Nos últimos anos, a região tem sofrido um aumento da criminalidade que, segundo fontes consultadas pela AFP, se deve a uma fiscalização mais leve do Estado brasileiro, aproveitada pelo narcotráfico e por outras organizações ilegais de garimpo (exploração de pedras ou metais preciosos), caça, pesca e extração de madeira.

Essa realidade fez com que o dirigente regional da Polícia Federal do Amazonas, Eduardo Alexandre Fontes, qualificasse a área como uma região "bastante perigosa", ao iniciar as buscas dos dois desaparecidos.

"A região amazónica sempre se apresentou como um espaço privilegiado para as ações do tráfico (...) a dinâmica da natureza, da floresta contribui para a própria camuflagem da droga", explicou Aiala Colares, geógrafo da Universidade Federal do Pará e investigador especializado na Amazónia, na ONG Fórum Brasileiro de Segurança Pública.

Nesta floresta amazónica, cortada por rios que, durante alguns meses ao longo do ano, inundam parte da vegetação, os povos nativos têm enfrentado ameaças crescentes e invasões de criminosos.

Os narcotraficantes têm apostado desde a década de 90 nas vias fluviais da região para transportar drogas, principalmente cocaína do Peru e canábis e maconha da Colômbia, enumerou Colares.

"O tráfico cresceu substancialmente na última década", afirmou o especialista.

Colares definiu como "multidimensional" a ação dos bandos que ali operam, já que combinam tanto o narcotráfico como crimes ambientais, como o contrabando de madeira.

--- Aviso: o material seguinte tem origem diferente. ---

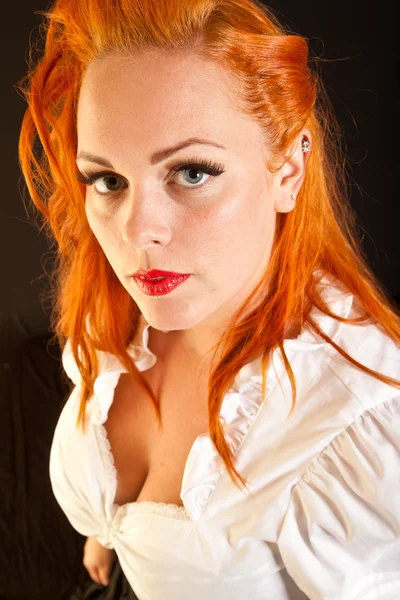 Red hair girl in pin-up style portrait — Stock Photo, Image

Bárbara Arisi, antropóloga e professora da Vrije Universiteit de Amsterdão, trabalha com povoações de Javari desde 2003 e afirma ter constatado uma deterioração na última década.

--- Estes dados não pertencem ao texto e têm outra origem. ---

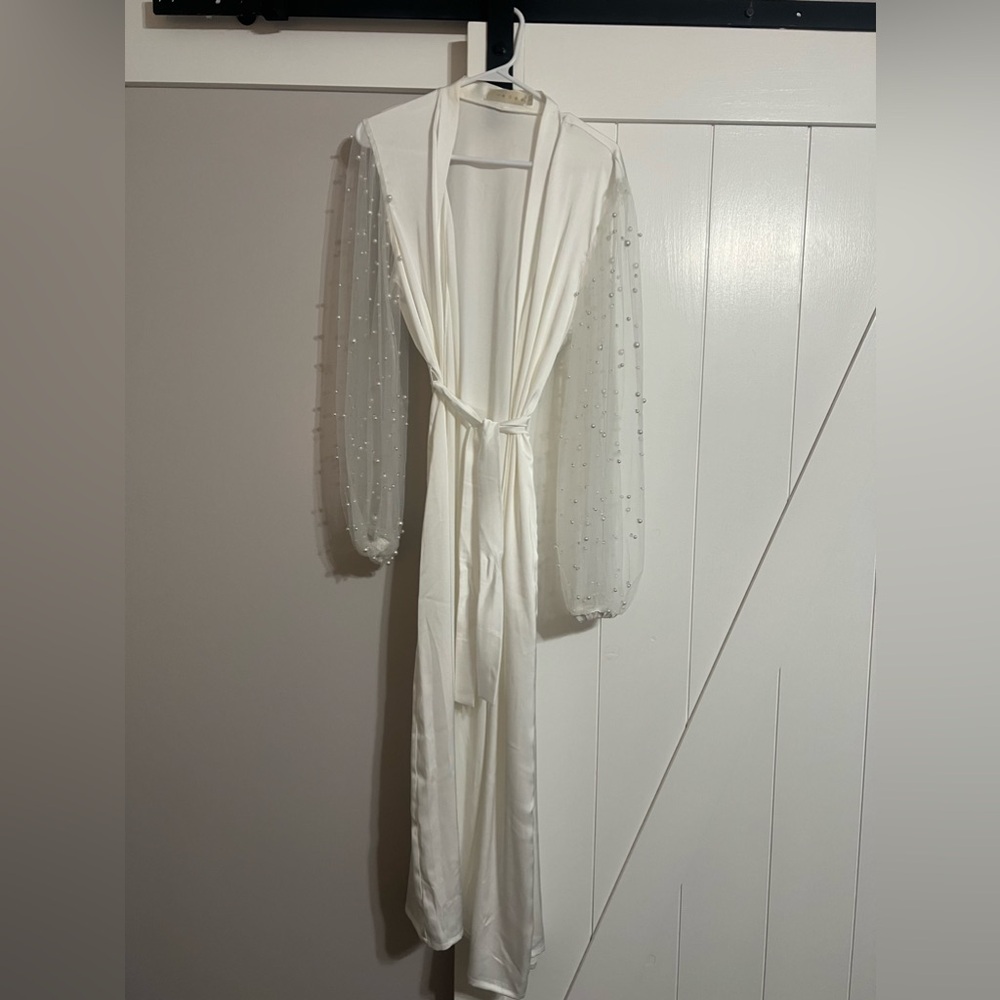 White satin robe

"Há cada vez mais criminosos, mais organizados e armados, que tiraram proveito da falta de estrutura do Estado (nesta região)", disse Arisi.

A antropóloga comparou a introdução do narcotráfico em comunidades nativas à entrada do tráfico em comunidades de cidades como o Rio de Janeiro.

Atalaia do Norte, cidade onde Phillips e Pereira estavam hospedados durante a sua expedição, tem o terceiro pior Índice de Desenvolvimento Humano em todo o Brasil, entre mais de 5.000 municípios, segundo o último censo.

Pereira, que como licenciado da Funai (Fundação Nacional do Índio) ajudava nativos a organizarem-se para defender o seu território, foi ameaçado por madeireiros e traficantes que tentavam invadir as terras protegidas.

"O que aconteceu com Bruno e Dom é resultado de toda essa máfia que existe na região e do crime organizado que só é possível constituir-se pela ausência do Estado", disse Antenor Vaz, presidente da Funai no Javari entre 2006 e 2009.

Vaz mostrou-se pessimista sobre a possibilidade de, mais de uma semana após o desaparecimento dos dois homens, as autoridades encontrarem os responsáveis materiais e intelectuais do caso.